What the task asks: Look for the line containing "Generic Kids Backpack" and the line containing "MultiBoot USB XXII afin (2014)" in the entries below. Copy those two and all lines between them exactly, leaving out pictures.

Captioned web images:
______

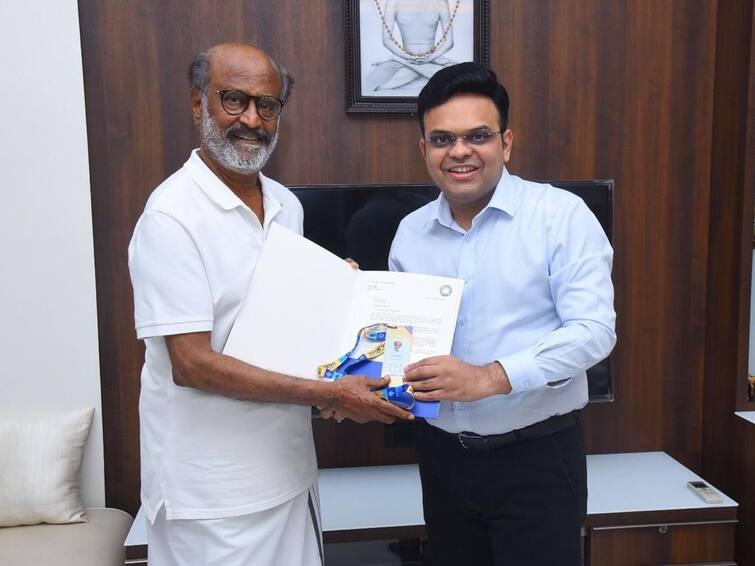 Superstar Rajinikanth To Grace ICC Cricket World Cup 2023 As 'Distinguished Guest' With Golden Ticket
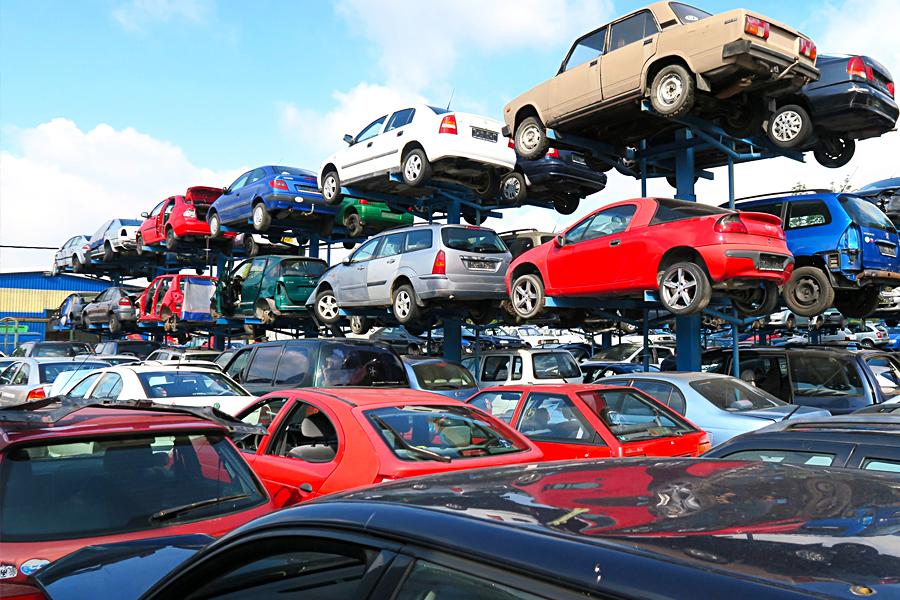 Prodej použitých autodílů se zárukou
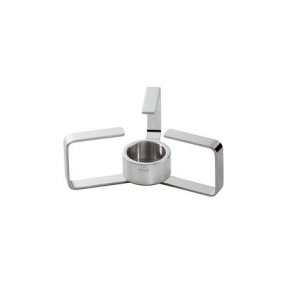 Rsle Rechaud Fadvarmer Stl  17 cm H 6 cm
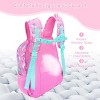 Generic Kids Backpack for Girls - Girls Backpack 3-8 Ages Butterfly for Kids 15 Inch School Bookbag - 4 of 4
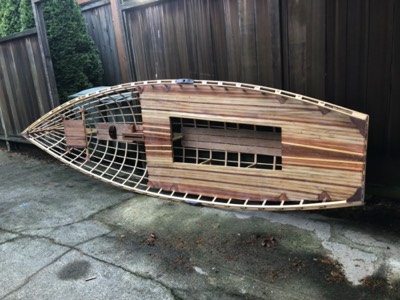  1/19/18 - The boat is almost finished! 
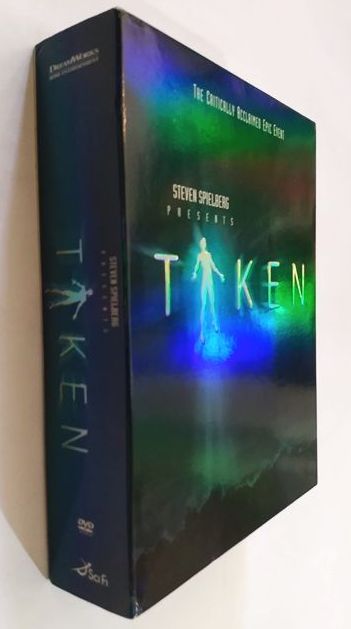 BOX 6 DVD's': TAKEN, de Steven Spielberg. Ano:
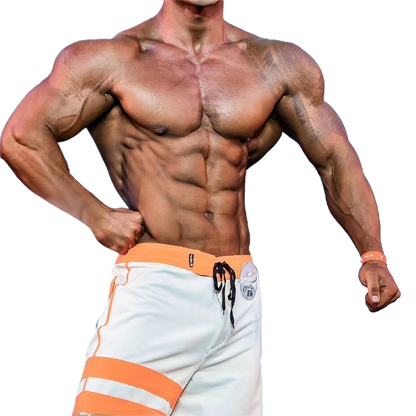 Mens Quick-Dry Fitness Beach Shorts
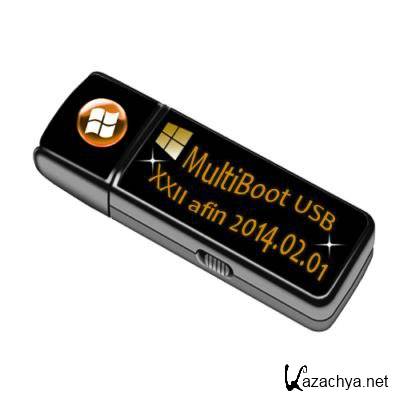 MultiBoot USB XXII afin (2014)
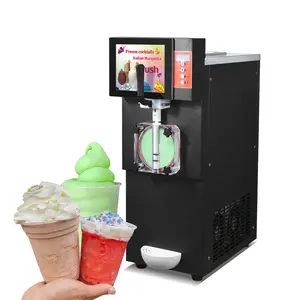 Single tank slush granita daiquiri/slushy cup maker/slush machine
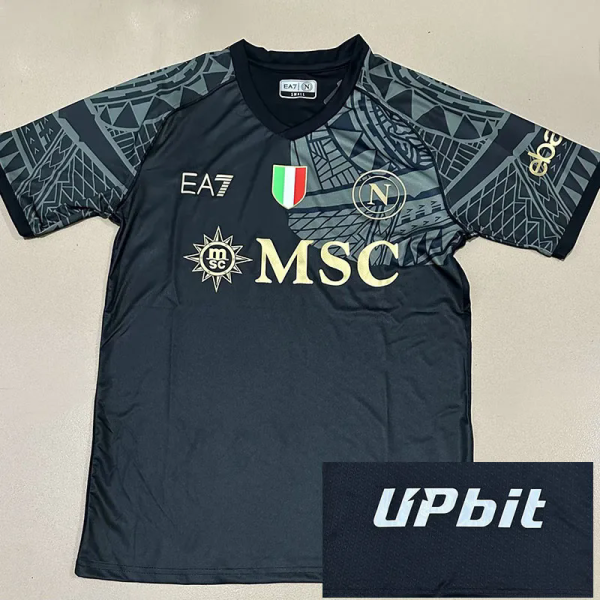 23-24 Napoli Third Fans Soccer Jersey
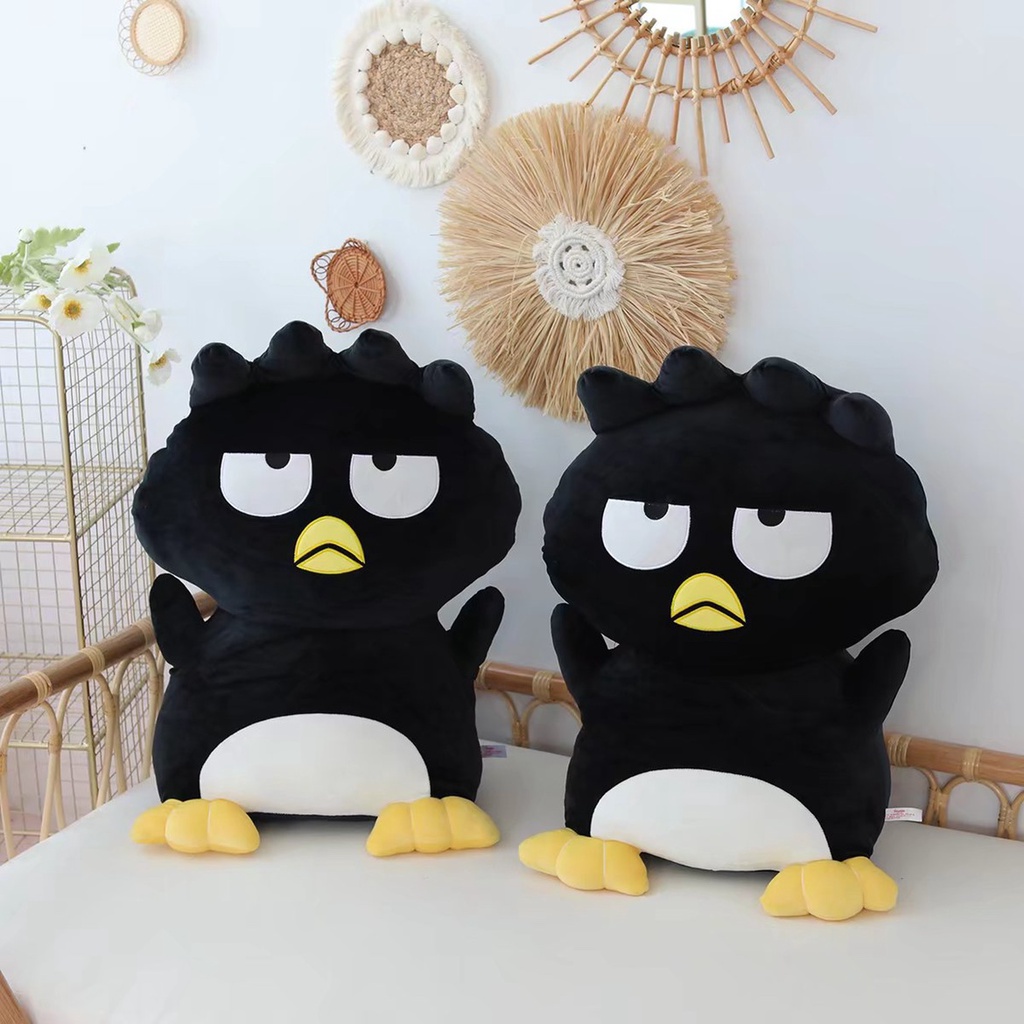 30-60cm Sanrio BADTZ-MARU Juguetes De Peluche XO Pingüino Muñecas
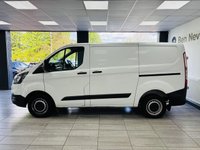 USED 2021 21 FORD TRANSIT CUSTOM 2.0 300 EcoBlue Leader Panel Van 5dr Diesel Manual L1 H1 Euro 6 (s/s) (105 ps) 
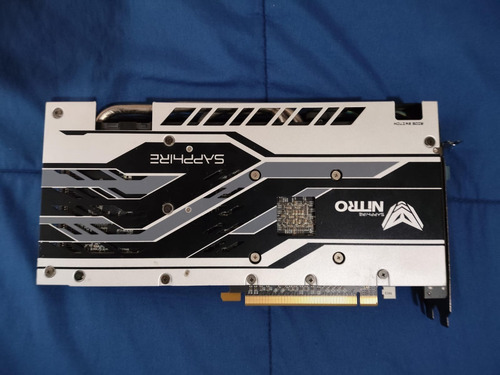Placa De Video Radeon Sapphire Rx 580 Nitro 8gb (Usado)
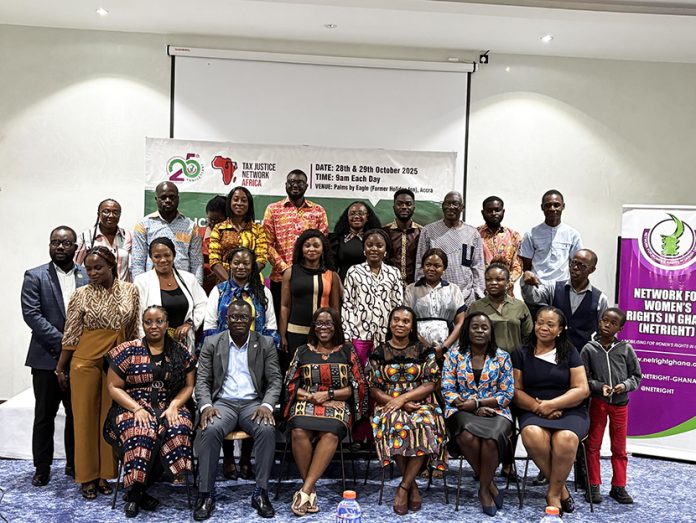 Stakeholders present at the workshop in a group picture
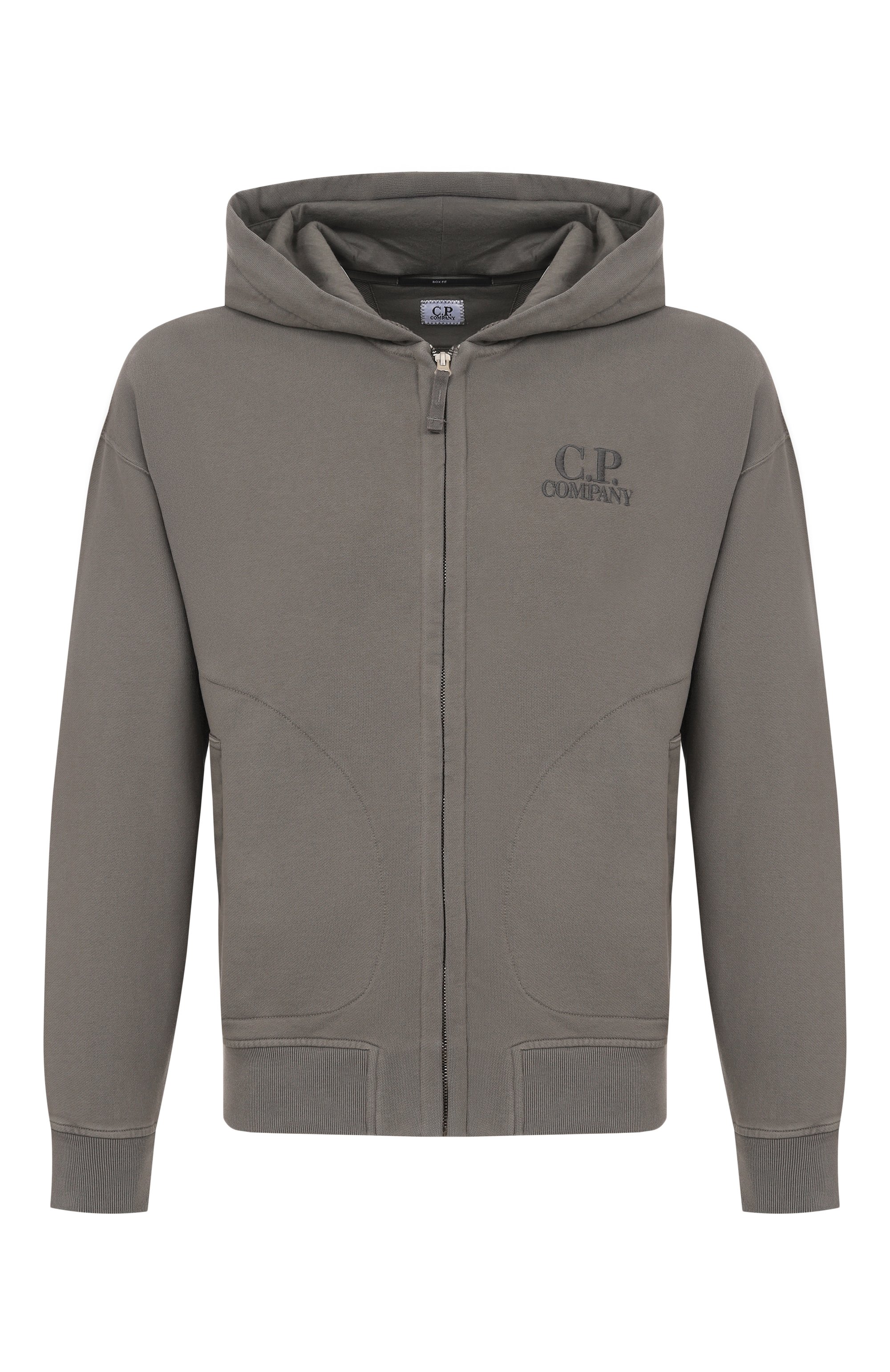 Хлопковая толстовка C.P. COMPANY, арт. 20CMSS218A/0060900, фото 1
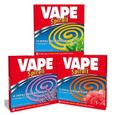 VAPE spirales Parfums * 10 Moustiques Pieces - Insecticides et  insectifuges - Cdiscount Au quotidien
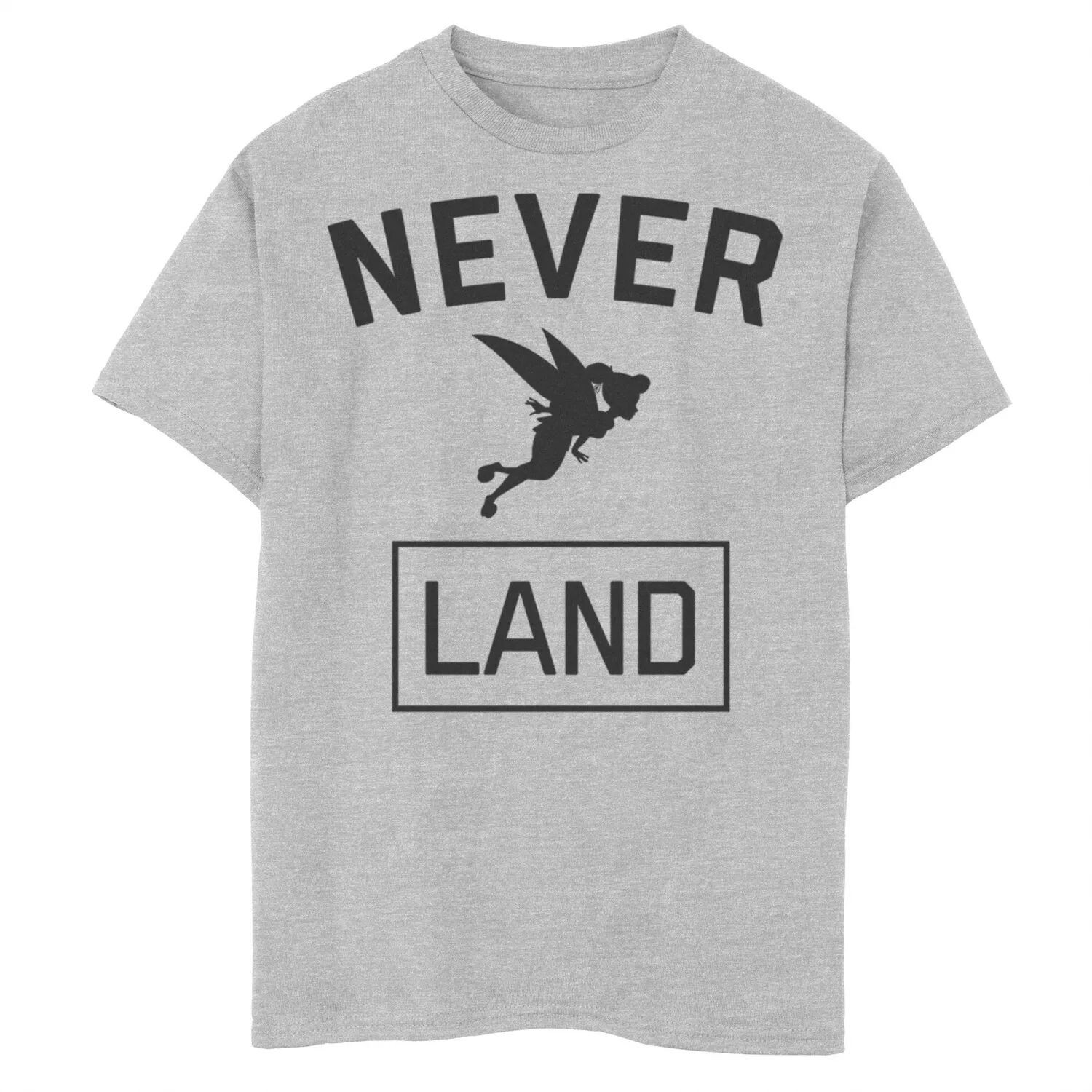 Футболка с силуэтом Disney's Tinker Bell для мальчиков 8–20 лет Never Land с графическим рисунком Licensed Character
Футболка с силуэтом Disney's Tinker Bell для мальчиков 8–20 лет Never Land с графическим рисунком Licensed Character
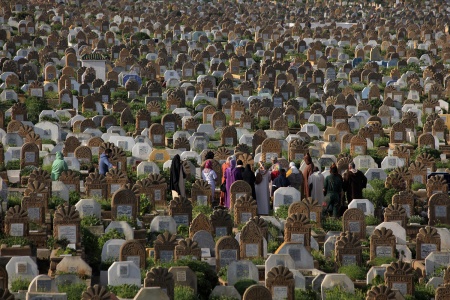 Cemetery
Rabat, Morocco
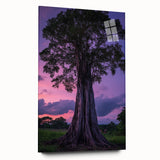 Majestic Twilight Tree – Scenic Forest & Landscape Art Prints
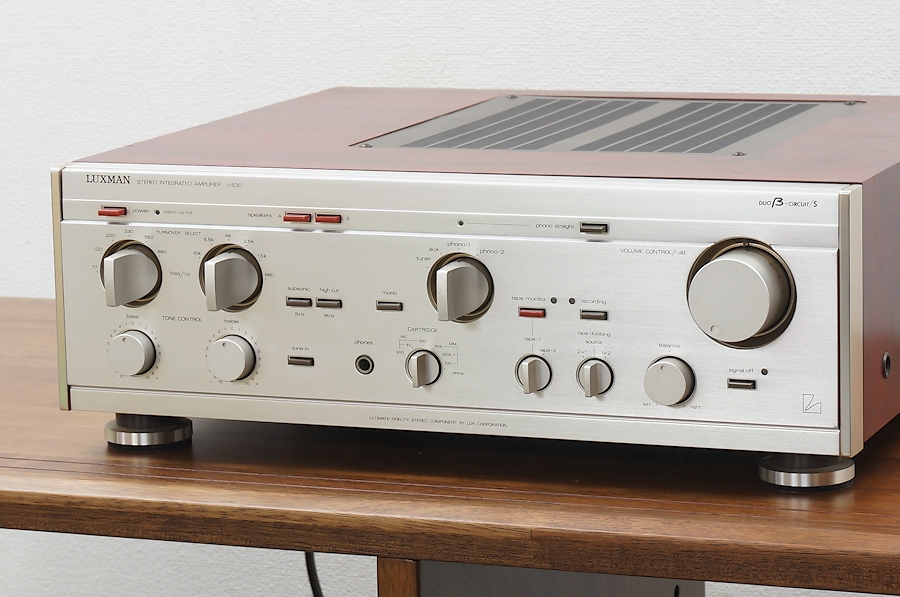 ラックスマン LUXMAN L-530 プリメインアンプ @27850 / 中古オーディオ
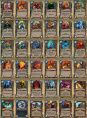 Дополнение Hearthstone Классический набор 504 карты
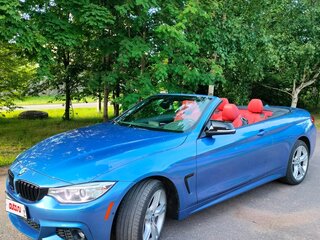 2015 BMW 4 серии 428i xDrive F32/F33/F36, синий, 2100000 рублей, вид 3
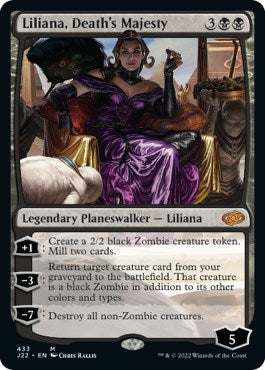 Liliana, Death's Majesty [Jumpstart 2022] | Exor Games Summserside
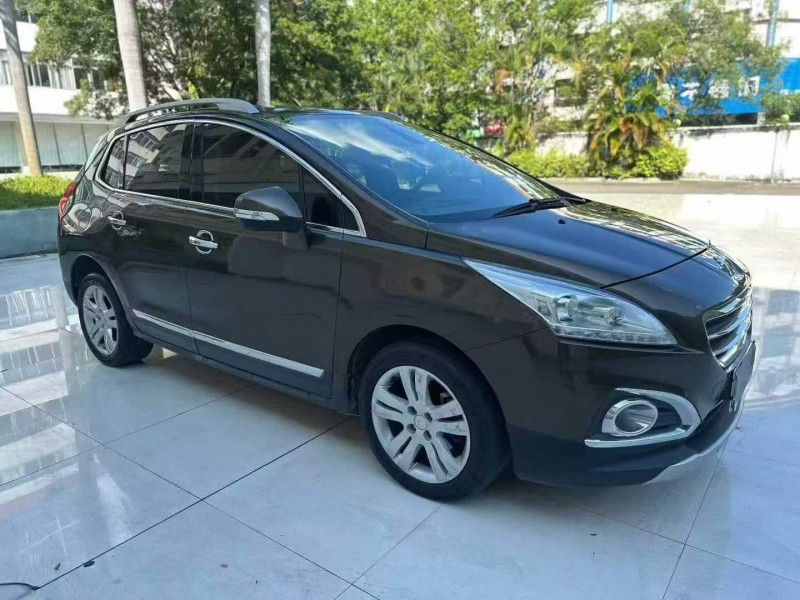 珠海14年东风标致2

______

Result of the task:
 Generic Kids Backpack for Girls - Girls Backpack 3-8 Ages Butterfly for Kids 15 Inch School Bookbag - 4 of 4
  1/19/18 - The boat is almost finished! 
 BOX 6 DVD's': TAKEN, de Steven Spielberg. Ano:
 Mens Quick-Dry Fitness Beach Shorts
 MultiBoot USB XXII afin (2014)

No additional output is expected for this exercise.